El cristiano no encuentra una teoría o una filosofía, sino un hombre que es también Dios, Jesucristo.

El aspecto espiritual se une al histórico y concreto, pero el Adviento no quiere ser sólo el recuerdo del período histórico que precedió al nacimiento del Salvador, aunque éste, así entendido, ya tiene un altísimo significado espiritual en sí mismo; quiere recordarnos que toda la historia del hombre y de cada uno de nosotros debe entenderse como un gran "Adviento", como una espera, momento a momento, de la venida del Señor, para que Él nos encuentre preparados y vigilantes para ser capaces de adelantar su Reino y de acogerlo dignamente. Estar preparados requiere una actitud de centinela, por lo tanto de alerta y lucidez.

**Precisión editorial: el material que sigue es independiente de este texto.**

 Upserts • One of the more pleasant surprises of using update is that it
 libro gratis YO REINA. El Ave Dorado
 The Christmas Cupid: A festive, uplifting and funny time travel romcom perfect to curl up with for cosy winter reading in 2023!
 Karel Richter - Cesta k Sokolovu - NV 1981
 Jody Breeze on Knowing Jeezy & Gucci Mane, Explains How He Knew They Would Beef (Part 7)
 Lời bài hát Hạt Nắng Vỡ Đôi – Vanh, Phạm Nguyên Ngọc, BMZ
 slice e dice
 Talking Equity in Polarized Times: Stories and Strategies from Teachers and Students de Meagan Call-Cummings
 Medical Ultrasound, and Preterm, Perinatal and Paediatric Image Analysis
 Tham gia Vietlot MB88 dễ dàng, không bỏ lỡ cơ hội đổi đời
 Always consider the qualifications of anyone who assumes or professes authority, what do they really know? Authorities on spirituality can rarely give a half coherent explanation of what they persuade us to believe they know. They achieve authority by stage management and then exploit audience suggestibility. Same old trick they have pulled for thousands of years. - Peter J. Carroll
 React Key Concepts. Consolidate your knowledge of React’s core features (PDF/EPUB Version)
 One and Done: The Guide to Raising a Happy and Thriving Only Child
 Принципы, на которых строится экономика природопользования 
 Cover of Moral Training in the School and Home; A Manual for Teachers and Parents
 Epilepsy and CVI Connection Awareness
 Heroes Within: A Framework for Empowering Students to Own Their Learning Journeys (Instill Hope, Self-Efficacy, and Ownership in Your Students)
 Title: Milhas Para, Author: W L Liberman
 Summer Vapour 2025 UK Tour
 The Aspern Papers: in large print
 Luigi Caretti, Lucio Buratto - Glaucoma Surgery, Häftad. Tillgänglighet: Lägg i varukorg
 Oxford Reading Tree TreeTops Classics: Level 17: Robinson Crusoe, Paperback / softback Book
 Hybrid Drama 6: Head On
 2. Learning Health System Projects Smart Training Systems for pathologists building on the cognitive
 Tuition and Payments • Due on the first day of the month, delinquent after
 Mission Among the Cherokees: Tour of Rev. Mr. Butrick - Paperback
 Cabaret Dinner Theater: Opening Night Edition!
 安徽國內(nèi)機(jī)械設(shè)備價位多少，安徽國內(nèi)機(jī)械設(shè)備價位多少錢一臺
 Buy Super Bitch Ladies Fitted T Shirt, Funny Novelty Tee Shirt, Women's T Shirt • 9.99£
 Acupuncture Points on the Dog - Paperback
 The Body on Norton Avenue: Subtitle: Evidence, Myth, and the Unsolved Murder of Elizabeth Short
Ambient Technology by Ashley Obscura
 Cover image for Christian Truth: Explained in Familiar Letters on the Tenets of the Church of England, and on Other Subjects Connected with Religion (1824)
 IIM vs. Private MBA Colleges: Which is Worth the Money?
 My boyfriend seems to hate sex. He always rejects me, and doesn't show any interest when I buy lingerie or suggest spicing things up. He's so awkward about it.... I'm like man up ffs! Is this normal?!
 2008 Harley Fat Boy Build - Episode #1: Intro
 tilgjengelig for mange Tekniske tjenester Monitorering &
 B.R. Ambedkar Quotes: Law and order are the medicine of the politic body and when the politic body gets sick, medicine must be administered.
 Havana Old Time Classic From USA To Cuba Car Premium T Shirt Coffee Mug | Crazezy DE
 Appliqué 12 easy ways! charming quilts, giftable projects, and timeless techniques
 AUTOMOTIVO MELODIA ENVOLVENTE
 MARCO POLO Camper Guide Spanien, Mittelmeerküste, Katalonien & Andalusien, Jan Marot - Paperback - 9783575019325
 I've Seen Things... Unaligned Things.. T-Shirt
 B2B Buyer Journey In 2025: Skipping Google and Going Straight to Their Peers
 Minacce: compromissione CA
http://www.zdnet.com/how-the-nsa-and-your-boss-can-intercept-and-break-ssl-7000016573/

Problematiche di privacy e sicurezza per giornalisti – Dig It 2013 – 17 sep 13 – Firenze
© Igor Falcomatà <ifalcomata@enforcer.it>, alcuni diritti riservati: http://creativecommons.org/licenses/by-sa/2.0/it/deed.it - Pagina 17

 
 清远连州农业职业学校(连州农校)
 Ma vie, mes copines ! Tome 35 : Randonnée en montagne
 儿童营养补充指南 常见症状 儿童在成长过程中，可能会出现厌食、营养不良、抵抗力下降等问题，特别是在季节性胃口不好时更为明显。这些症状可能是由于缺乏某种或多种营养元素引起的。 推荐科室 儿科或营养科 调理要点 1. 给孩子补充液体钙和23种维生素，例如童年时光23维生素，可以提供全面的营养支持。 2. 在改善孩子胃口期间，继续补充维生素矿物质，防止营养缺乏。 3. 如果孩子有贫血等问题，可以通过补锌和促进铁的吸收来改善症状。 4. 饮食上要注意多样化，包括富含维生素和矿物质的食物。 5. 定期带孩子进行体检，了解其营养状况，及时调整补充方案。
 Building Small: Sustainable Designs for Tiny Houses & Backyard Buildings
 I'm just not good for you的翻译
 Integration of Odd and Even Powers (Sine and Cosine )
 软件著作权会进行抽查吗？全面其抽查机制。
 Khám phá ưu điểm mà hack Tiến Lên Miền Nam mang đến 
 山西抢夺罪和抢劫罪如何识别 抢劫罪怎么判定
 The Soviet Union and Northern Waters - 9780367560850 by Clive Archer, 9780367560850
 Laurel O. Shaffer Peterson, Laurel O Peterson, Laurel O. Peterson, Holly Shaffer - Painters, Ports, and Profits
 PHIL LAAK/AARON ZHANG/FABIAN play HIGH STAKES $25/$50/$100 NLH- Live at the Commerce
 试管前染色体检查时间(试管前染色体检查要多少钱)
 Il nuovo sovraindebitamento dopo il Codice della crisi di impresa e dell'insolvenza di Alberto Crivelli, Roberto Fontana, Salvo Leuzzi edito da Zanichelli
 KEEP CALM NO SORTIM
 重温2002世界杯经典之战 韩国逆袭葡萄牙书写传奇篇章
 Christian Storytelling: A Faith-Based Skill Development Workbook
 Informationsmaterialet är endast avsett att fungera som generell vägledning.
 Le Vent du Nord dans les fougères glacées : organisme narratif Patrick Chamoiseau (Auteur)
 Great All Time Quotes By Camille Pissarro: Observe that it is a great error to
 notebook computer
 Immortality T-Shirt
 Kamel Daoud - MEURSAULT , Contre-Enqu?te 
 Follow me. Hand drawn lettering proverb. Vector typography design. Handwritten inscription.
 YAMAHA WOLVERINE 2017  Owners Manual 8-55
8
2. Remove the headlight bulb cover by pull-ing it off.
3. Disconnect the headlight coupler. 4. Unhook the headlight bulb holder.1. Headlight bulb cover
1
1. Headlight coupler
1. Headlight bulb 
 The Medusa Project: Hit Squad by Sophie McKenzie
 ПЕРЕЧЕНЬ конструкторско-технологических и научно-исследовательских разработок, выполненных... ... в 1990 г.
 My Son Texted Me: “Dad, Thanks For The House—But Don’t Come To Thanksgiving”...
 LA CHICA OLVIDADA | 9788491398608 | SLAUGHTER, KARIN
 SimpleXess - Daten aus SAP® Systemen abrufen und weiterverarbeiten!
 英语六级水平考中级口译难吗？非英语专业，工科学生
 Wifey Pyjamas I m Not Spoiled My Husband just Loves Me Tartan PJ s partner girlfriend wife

En este tiempo de Adviento, en el que resuenan las palabras de los antiguos profetas, mientras el tiempo que atravesamos está marcado por la sed y la búsqueda de palabras y gestos que indiquen un presente habitable y un futuro de esperanza, se nos invita a estar atentos y, en consecuencia, escuchar. La profecía siempre exige escucha pero, muchas veces, no la encuentra. Sin embargo, no está cerrada la invitación a la escucha, que vuelve insistentemente en la Palabra: "Oídme, los que buscáis la justicia, los que buscáis al Señor" (Is 51,1). Así, la invitación es a escudriñar, a prestar oído, a captar la acción de Dios en la historia: «Aquel día los sordos oirán las palabras de un libro; liberados de las tinieblas y de las tinieblas, los ojos de los ciegos verán" (Is 29, 18). El arte de observar, coger y re-coger es difícil, muy difícil.

En Adviento la Palabra nos invita a estar despiertos y vigilantes: con una verdadera metanoia existencial podemos todavía ver los signos de los tiempos y los signos de nuestra vida, especialmente hoy, cuando abundan las palabras, donde la comunicación es omnipresente.

El Adviento es tiempo de decir poco, de un silencio maduro, de arraigarse en la escucha como tensión hacia la humanidad y hacia Dios, esa tensión que quiere alumbrar los nuevos cielos y la nueva tierraen los que Dios enjugará toda lágrima y ya no habrá muerte, llanto, clamor, dolor (Ap 21, 1ss).